Between the rear end of the tube section 18 of the Carrier part 17 and the bearing mandrel 25, a sealing gap 34 is formed. This sealing gap enables gas extraction from the Pump chamber 12 into the cavity 23. One of the cavities takes place Derivation through a hole (not shown) in the bearing mandrel 25. The sealing gap 34 represents the only opening in the cavity 23 represents

In the stator chamber 22 is the stator 35 with the Stator coils 36, which are embedded in an iron package 37. The stator 35 forms, together with the permanent magnets 20 containing carrier part 17, the disc motor 44. Die Stator coils 36 lie on the same circle on which the Move the permanent magnets 20 when the impeller 13 rotates. On Electronic commutator creates in the stator windings 36 circulating current, so that the stator windings generate a rotating magnetic field. The impeller 13 follows its permanent magnet 20 this magnetic field. It is about with the disc rotor motor almost a magnetic coupling for the contactless impeller drive. The air gap between the Stator coils 36 and the permanent magnet 20 is of the Partition 21 penetrates. This partition is sealing attached a base 38 which on a bottom wall 39 of the Stator housing 10 is fixed and part of Bearing mandrel 25 forms. Since the partition 21 of the stator 22 from separates the vacuum part, there is 22 atmospheric pressure in the stator space. There is one in the wall of the stator housing 10 Cable opening 40 for the passage of power cables. Further a pipe feed-through opening 41 is provided through which Pass pipes 42 which are part of one of Cooling water flows through the cooling coil, which is the cooling device 43 forms. The cooling device 43 cools both the Stator 35 and the bearing mandrel 25 and carries the heat from the entire fan housing.

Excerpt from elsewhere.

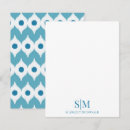 Search for abstract patterned note cards Retro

The turbo radial fan consists of few individual parts and is inexpensive to manufacture. It is largely maintenance-free.

Claims (8)

1. A radial turbo-blower comprising a rotatably supported rotor (13) and a motor driving the rotor, the motor being a permanently excited disk armature motor (44) comprising permanent magnets (20) with an axial magnetic field orientation mounted to the rotor (13) and stationary stator coils (36), and that the rotor (13) is supported, by means of a bearing arrangement (26) housed in a cavity (23) of the rotor, on a stationary bearing pin (25) projecting into the cavity (23),
   characterized in that
   a narrow heat transmission gap (33) having a width of not more than 0.5 mm for carrying away heat from the rotor (13) to the bearing pin (25) is formed between the wall defining the cavity (23) and a spacer ring (32) seated on the bearing pin (25) in a well heat-conducting manner.
2. The radial turbo-blower according to claim 1, characterized in that the bearing arrangement (26) comprises a grease lubrication with at least one grease chamber (29).
3. The radial turbo-blower according to claim 1 or 2, characterized in that the cavity (23) of the rotor (13) is open only to the rear and that a sealing gap (34) is formed between the rotor (13) and the bearing pin (25) at the rear end of the cavity (23).
4. The radial turbo-blower according to one of claims 1 to 3, characterized in that a pressure-tight magnetically permeable partition wall (21) is arranged between the rotor (13) and the stator coils (36).
5. The radial turbo-blower according to claim 4, characterized in that the stator coils (36) are contained in a stator housing (10) under atmospheric pressure which contains a cooling device (43).
6. The radial turbo-blower according to claim 5, characterized in that a portion (38) of the bearing pin (25) is in heat-conducting contact with the stator (35) and protrudes therefrom and is exposed to the effect of the cooling device (43) there.
7. The radial turbo-blower according to claim 1, characterized in that one bearing is realized as a grease-lubricated bearing and one bearing, preferably the lower one, is realized as a passive magnetic bearing.
8. The radial turbo-blower according to claim 1, characterized in that the bearing arrangement is realized with active magnetic bearings.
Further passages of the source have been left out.